The move changed all that. It made me pause and reflect. I was awed by the sharp contrast between Khartoum and London, compelled to comment on the differences in weather and colours; on Islam compared to a secular Christian democracy. Like many of our generation, my husband and I were not sure whether we would return or remain as immigrants in the UK – or move on to a third location. This uncertainty created in me a sense of dislocation. There was homesickness to deal with; cultural confusion and the awkwardness of being Arab in the Europe of the 1990s; the vulnerability of being a practising Muslim and wearing hijab. It was a situation charged with conflict and tension – an atmosphere conducive to writing fiction.
In 2006, I travelled back to Khartoum after seventeen years of absence. I walked down the steps of the aeroplane and waited with the other passengers for the bus to the terminal. It was sunset but the familiar flat landscape was clear, and the sky more spacious than anywhere else, cloudless with a bottom layer of sandy yellow, then blue and darker blue. The low buildings, the dust in the air, the slowness with which everyone moved: this was the start of everything I had missed.

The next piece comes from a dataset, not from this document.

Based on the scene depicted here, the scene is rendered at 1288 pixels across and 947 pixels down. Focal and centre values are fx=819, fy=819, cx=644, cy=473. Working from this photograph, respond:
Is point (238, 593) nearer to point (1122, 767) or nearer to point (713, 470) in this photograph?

What did I want after being away for so long? Forgiveness or a heroine’s return. Evidence to justify my reasons for leaving? Or incentives to launch an abrupt U-turn, a moving-back-home to pick up where I had left off? Years ago I had nonchalantly swung my baby son on my hip, boarded a British Airways plane and enrolled him at the LSE nursery. So confident was I of returning after my degree, that I had washed his last nappy and hung it to dry in the bathroom, ready to be used again. After seventeen years the cotton was stiff and beige with dust. It almost crunched in my hands. Time to dust off his baby toys and give them away: his tub, his plastic bib; but I kept the congratulations cards with their blue design and the signatures of my old friends.

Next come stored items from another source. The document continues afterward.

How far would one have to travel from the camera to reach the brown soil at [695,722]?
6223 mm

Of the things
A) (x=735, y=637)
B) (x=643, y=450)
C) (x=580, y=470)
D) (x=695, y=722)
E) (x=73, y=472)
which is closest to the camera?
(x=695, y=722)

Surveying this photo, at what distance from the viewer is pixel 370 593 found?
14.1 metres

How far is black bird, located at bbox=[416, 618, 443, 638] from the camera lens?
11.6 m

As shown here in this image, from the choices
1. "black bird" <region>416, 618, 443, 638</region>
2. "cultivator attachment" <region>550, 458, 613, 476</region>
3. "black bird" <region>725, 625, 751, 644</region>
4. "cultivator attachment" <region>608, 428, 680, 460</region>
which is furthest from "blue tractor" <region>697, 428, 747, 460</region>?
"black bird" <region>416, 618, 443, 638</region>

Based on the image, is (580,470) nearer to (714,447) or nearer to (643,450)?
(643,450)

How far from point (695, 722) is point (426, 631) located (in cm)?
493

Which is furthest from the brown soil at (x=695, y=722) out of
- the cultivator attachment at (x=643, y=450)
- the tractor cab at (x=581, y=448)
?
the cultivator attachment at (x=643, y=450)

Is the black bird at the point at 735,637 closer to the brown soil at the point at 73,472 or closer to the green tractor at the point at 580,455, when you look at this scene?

They said, ‘We know what you look like now, we’ve seen your photo in the papers!’ They laughed with surprise at my three books. ‘Oh you were always the dreamy type. But seriously, Leila, you must get yourself a job!’ They disapproved of the image of me sitting at home. They remembered the only girl in the Statistics Honours class, the one who had annoyed the boys by getting grades higher than them. It was a disappointment that I had let my degree lie fallow, and an embarrassment that all I wanted to do was write.
So I sought out new friends. I met a woman who sold her gold bangles to self-publish her first novel. I met a publisher who despite sanctions and restrictions was keeping his business afloat and despite political repression was keeping himself out of prison. In a reading event at the University of Khartoum, I signed a pirate copy of my collection of stories. It had been blown up to the size of a coffee-table book! Then I signed a stained, worn-out copy of The Translator, dog-eared and with notes on the margins. It had been passed around and poured over. Everything in Sudan was scarce and everything had value.

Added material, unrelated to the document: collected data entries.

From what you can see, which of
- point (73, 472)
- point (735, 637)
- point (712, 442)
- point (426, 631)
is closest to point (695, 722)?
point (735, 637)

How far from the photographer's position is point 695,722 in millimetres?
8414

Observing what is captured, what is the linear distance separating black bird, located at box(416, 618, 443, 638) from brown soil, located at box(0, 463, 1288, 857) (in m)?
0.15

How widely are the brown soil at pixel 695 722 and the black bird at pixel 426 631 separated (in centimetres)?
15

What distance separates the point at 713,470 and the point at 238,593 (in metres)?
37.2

I found the city changed in predictable but interesting ways. More built-up areas, more congestion, a higher visibility of women in public. Social life seemed to have moved indoors because of the widespread use of air conditioners. My wedding in 1985 had been in my parent’s garden with a tent for the men pitched on the road, now large halls were booked and couples didn’t have to wait for the cooler months in order to get married. People no longer slept on their verandas or received guests on their porch. Khartoum was hotter, everyone explained, with more mosquitoes and flies; less privacy because of the higher buildings next door. The Sudanese were changing their habits. But that particular beauty I had ached for while I was away was still there, still potent, still able to stir me. The same smells of sweat and sandalwood; a dust storm surging through eucalyptus trees. At twilight I looked across the Nile and saw the ferry dock at the island of Tuti. Sky, river, green fields, men in white jellabas, women in coloured tobes and it was like a painting. I had been right to cry over this, I was right to miss this.